Thoughts on the History Web

While the web has come of age over the past 4 or 5 years, it seems that many historians and curators are still unsure about what to do with it. Back in 1996, a website with visible text, reasonably-sized images and quality content superimposed on a sane and non-flashy background was a work of genius. Today, the quality scholarly content is still out there, but its creators are tearing their hair out worrying about web 2.0, attracting and holding audiences.

As in all things, purpose is key. Just because the web may be unfamiliar, that is not an excuse to throw critical thought out the window. It's not scary; it's just a new way to reach different audiences. If you are embarking on a new website or updating an old one, ask yourself, who do you want to serve? You need to answer this question first before you can calmly determine how best to attract them.

If your audience is scholarly, then don't feel you need to pretend it is not. I've been amazed at the lack of online humanities journals that engage the capabilities of the web. Even the Journal of the Oral History Society does not employ a format in which audio excerpts can be added to text. This would be an excellent feature to pursue online.

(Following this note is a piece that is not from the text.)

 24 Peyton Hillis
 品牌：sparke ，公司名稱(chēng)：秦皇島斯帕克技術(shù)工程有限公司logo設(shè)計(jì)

Graduate students struggle daily with the creation of "web exhibits." Unsure whether they are attempting to engage a scholarly or general audience, they agonize over text and images, tone and volume. The web offers something museums have long dreamed about and struggled to create: layers.

Don't despair and lock away your scholarly text. Just connect it through layers to your visitors' first impression of the site. If you want a casual visitor to stop and stay, snag her with a slide-show of click-able images. If you want to know more, go here! Even more? Go here!

Don't be afraid of connecting your site to something in another information dimension. Here's a scholarly paper. Here is the blog to go with it.

The internet is about creating communities. There's no reason to believe that suddenly all communities are the same. Just know who you're looking for and direct them to different experiences of your content.

Because no post would be right without examples, consider the excellent Lost Museum. Here is a site that can be experienced by casual users with a rich online environment to explore. Students can use clues in the exhibit to solve a mystery related to the history of the burning of P.T. Barnum's American Museum. Teacher's can use essays posted in the classroom to teach using the primary sources cataloged in the archive. There's a hook, and then there's layers of true quality content below.